Size Restrictions: Crayfish less than one inch in length from tip of rostrum to tip of tail must be returned unharmed to the water. That’s too small for eating anyway, so toss them back. (6259.0100 sub1)
Trap Requirements: Crayfish may be harvested with gear allowed for rough fish and minnows (minnow traps). Mesh size for crayfish traps may not be less than one-half inch, stretch measure (6259.0100 2.B).
Minnesota law requires that you tag your trap with your name and address. This can be done by cutting out a 1” by 3” piece of plastic from a used plastic milk container, and writing on with a sharpie pen. Attach your tag to your Crayfish traps with a piece of wire. Be sure your tag is “legible.” (6259.0100 2.A) If you attach floats to your traps, they must not be more than 4” square or 4” in diameter (6259.0100 2.C), which is about the size of a regular bobber. It seems a bit small to me, but there you go.

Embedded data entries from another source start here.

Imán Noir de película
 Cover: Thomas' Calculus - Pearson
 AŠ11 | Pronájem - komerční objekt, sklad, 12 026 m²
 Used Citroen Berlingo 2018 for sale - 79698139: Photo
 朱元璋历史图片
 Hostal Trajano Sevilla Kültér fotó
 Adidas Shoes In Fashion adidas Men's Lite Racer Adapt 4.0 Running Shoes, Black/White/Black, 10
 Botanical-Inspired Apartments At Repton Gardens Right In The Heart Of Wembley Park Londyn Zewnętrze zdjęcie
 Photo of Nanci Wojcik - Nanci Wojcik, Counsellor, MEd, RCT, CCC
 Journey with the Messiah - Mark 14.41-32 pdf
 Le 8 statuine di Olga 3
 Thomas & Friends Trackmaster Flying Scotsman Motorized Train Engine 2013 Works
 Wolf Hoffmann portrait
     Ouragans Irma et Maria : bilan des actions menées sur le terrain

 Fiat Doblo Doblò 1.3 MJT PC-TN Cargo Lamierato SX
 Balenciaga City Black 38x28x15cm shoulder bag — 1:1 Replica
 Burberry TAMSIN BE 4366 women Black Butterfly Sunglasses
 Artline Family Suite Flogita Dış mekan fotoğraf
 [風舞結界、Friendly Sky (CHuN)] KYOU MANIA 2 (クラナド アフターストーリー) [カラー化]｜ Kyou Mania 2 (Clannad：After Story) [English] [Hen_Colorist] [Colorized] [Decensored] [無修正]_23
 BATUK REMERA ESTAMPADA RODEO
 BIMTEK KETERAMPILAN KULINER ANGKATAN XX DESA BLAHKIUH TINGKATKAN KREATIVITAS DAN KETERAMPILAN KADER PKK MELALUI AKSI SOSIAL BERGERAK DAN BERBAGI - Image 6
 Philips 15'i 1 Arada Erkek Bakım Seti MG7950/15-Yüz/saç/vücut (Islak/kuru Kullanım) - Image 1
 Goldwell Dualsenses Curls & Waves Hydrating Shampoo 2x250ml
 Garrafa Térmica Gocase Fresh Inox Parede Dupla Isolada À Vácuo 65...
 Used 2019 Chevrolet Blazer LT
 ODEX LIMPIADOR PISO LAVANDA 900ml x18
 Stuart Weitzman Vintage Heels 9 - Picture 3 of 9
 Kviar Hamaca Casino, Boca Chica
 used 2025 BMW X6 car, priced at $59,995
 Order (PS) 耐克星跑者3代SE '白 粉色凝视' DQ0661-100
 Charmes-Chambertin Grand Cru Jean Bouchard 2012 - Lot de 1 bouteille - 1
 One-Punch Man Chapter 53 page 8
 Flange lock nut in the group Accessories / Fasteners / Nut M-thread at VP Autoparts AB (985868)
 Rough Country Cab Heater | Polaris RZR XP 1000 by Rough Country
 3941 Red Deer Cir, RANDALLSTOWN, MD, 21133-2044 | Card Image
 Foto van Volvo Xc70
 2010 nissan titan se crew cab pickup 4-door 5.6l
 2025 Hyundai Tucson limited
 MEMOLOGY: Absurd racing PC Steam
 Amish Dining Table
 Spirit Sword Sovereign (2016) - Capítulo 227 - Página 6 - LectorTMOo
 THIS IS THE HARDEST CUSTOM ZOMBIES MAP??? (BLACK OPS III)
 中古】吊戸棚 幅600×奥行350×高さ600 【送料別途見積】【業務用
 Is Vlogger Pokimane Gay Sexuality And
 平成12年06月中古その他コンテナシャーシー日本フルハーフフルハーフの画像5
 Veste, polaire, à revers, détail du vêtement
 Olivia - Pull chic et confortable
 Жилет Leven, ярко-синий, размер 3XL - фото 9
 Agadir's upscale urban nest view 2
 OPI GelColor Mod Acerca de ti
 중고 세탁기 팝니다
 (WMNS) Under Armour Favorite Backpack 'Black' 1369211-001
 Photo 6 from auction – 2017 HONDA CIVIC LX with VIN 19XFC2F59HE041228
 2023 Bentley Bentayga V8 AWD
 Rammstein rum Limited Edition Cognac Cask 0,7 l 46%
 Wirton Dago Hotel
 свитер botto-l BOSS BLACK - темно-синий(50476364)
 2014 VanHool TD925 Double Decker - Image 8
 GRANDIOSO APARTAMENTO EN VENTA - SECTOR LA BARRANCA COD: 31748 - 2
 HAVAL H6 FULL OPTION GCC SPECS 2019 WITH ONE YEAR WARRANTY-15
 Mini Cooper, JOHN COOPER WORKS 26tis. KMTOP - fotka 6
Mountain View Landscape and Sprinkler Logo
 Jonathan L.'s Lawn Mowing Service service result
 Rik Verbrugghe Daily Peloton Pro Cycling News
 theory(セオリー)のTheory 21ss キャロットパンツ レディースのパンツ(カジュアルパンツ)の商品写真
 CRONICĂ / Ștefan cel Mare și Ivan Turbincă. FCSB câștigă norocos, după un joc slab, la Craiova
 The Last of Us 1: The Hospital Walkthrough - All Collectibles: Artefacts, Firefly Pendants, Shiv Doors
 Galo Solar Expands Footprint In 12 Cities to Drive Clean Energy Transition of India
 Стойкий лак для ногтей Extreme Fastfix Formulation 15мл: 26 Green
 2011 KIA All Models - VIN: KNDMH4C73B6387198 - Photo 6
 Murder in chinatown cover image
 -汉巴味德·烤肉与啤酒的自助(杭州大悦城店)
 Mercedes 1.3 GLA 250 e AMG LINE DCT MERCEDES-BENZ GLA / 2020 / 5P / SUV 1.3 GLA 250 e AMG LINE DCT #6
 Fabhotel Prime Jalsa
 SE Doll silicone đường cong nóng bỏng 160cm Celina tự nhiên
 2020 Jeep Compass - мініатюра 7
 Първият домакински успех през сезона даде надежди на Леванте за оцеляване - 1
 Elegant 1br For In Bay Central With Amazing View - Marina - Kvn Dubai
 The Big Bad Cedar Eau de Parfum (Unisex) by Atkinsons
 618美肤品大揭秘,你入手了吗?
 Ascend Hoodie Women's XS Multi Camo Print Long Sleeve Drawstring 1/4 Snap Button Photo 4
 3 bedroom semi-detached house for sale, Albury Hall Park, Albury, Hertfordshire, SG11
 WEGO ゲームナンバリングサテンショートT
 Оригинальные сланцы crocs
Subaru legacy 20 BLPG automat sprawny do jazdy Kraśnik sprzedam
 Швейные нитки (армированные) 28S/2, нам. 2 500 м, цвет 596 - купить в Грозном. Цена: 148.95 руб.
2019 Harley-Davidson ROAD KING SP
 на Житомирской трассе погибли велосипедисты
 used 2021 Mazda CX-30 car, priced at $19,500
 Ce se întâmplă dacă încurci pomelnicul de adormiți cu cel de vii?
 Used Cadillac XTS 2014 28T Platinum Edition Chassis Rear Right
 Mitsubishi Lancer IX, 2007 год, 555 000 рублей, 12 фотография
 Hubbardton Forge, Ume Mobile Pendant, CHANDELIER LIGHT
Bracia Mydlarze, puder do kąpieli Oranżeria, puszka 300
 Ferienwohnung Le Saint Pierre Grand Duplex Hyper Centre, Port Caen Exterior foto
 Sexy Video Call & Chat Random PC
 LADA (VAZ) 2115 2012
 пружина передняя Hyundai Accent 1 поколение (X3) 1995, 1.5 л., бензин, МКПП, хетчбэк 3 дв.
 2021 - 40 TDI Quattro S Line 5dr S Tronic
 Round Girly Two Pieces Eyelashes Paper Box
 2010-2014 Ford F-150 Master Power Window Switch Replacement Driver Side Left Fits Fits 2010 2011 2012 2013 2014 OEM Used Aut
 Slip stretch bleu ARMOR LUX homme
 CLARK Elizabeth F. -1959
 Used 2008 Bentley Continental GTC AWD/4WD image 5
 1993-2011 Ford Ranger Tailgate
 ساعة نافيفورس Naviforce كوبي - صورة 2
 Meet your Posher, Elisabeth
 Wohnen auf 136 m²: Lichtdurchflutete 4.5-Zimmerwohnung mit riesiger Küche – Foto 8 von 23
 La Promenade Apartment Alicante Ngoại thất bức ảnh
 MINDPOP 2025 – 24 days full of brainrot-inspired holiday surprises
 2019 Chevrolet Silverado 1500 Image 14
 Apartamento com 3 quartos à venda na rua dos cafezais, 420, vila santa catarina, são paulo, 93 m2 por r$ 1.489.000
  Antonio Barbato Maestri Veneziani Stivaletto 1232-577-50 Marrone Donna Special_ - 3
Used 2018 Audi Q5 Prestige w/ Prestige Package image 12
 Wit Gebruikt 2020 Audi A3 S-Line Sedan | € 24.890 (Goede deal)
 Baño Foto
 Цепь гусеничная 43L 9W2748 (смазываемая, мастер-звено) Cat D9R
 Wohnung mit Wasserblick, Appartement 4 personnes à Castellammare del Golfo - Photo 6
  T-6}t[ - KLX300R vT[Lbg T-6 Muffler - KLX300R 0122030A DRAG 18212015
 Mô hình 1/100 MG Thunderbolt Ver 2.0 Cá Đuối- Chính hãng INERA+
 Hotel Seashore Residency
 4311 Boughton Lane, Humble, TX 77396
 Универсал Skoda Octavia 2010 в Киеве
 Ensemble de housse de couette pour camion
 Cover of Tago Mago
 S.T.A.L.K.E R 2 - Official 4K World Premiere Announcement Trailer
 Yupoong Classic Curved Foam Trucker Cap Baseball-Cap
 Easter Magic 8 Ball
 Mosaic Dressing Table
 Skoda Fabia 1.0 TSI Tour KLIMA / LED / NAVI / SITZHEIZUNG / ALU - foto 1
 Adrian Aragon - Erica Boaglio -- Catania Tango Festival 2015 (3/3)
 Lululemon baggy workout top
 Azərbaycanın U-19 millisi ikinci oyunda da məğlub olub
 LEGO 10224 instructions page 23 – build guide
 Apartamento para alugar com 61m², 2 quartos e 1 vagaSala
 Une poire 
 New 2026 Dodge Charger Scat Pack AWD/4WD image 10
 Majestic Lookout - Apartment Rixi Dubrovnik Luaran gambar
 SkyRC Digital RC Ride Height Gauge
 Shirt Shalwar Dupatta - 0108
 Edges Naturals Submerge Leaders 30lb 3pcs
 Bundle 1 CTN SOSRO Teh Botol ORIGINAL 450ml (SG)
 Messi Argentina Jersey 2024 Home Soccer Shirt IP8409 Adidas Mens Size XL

Traps can be checked from sunrise to sunset, but DNR doesn’t want you lifting traps at night. Nighttime is when crayfish are most active.
I found no restrictions on the number of traps that an angler can set.
Bait: Minnesota allows the use of rough fish for bait, which is very effective for catching crayfish (6259.0100 2.D). I’ve found carp and bullhead to be easy to catch and very good bait. If you don’t like the mess of rough fish, you can bait your traps with inexpensive cans of cat food (tuna flavor works well). Puncture the cans with a screw driver and place them in your traps. I’ve found that a single can will attract crayfish for up to four days.
You can use the crayfish you catch as fishing bait, but only the body of water where they were caught. You’ll discover that bass, northern pike and even muskie love crayfish!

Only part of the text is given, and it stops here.